Dans cette période, mon engagement politique m’a conduit à mener de front de nombreuses tâches et à assumer des responsabilités importantes en tant que maire, député de la Corrèze, puis premier ministre de 1986 à 1988, ainsi que président du Rassemblement pour la République. L’exercice conjoint de ces responsabilités, tout à la fois locales et nationales, m’a permis d’agir plus efficacement encore au service des Parisiennes et des Parisiens. Je me suis entouré pour cela d’équipes compétentes et animées d’un exemplaire esprit républicain.
Jamais les moyens de la Ville de Paris n’ont été mis au service d’autres ambitions que d’agir pour les Parisiennes et les Parisiens. Jamais il n’y a eu d’enrichissement personnel. Jamais il n’y a eu de « système ». Sur les 40000 agents de la Ville de Paris, il ne s’agit que d’une vingtaine de contrats qui sont contestés, d’une durée parfois courte, répartis sur une période de dix-huit ans.
RECRUTEMENTS LÉGITIMES
Allons plus avant : qui étaient ces quelques chargés de mission ? Des personnes qui ont travaillé à m’éclairer sur des questions de fond – problèmes éducatifs, sociaux, économiques, sportifs – afin de permettre au maire de la capitale d’assumer au mieux ses missions. Il pouvait s’agir aussi de femmes et d’hommes de qualité, ayant toutes les compétences nécessaires, mais traversant une période professionnelle difficile et à qui j’ai voulu redonner une chance. Et enfin un très petit nombre de collaborateurs qui ont facilité la coordination et l’exercice de mes fonctions. Ces responsabilités étaient à mes yeux profondément complémentaires pour me permettre d’agir au service de mes concitoyens. Ceux-ci l’ont bien compris. Ils m’ont donné deux fois la majorité dans les 20 arrondissements de Paris et dans le même temps réélu à plusieurs reprises député.
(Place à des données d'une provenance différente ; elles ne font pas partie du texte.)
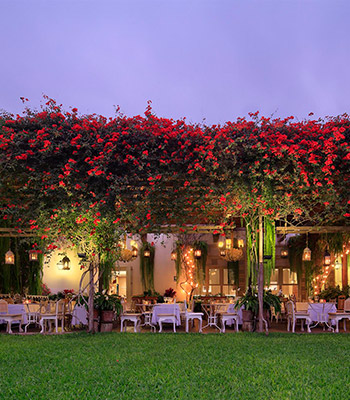 Disfruta lo mejor de la gastronomía peruana e internacional en su excelente restaurante, con vista a sus hermosos y coloridos jardines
Même en Corrèze, où j’étais élu député, je faisais l’objet d’interventions nombreuses et de toutes natures adressées au maire de Paris. Par souci d’efficacité elles faisaient, localement, l’objet d’une première instruction, avant d’être traitées à l’Hôtel de Ville. Instruire sur place certaines sollicitations liées à l’exercice de mes responsabilités, c’était à la fois les traiter plus rationnellement et m’autoriser à mieux me consacrer à Paris. Dans ce cas, comme dans chacun des autres, je l’expliquerai.
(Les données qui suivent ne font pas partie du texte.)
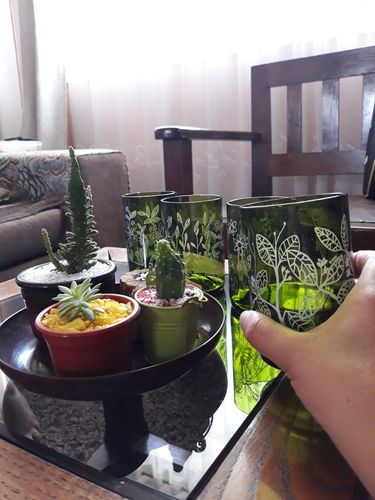 Customer photo review of Reforestemos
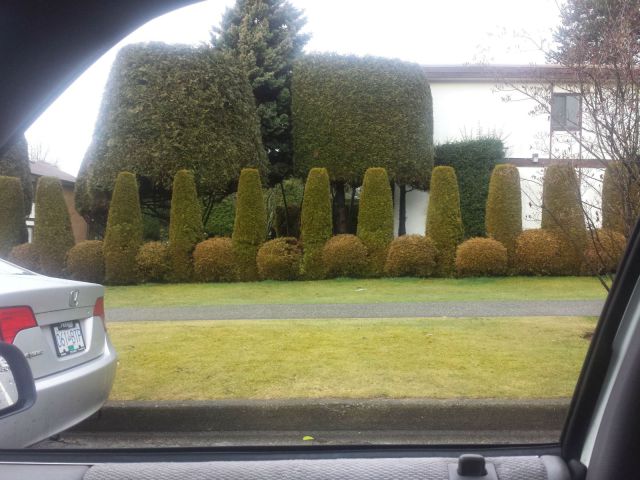 Morning Picdump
Ces recrutements, je les ai souhaités ou autorisés parce qu’ils étaient légitimes autant que nécessaires.
C’est cette réalité, bien loin des caricatures infondées ou malveillantes, que je veux rappeler aujourd’hui à mes concitoyens. Je le fais avec l’esprit de responsabilité que les Françaises et les Français sont en droit d’attendre d’un homme politique et singulièrement d’un ancien président de la République. Et je le fais avec un souci d’honneur, celui d’un homme qui pendant de très nombreuses années s’est attaché à donner le meilleur de lui-même au service de son pays.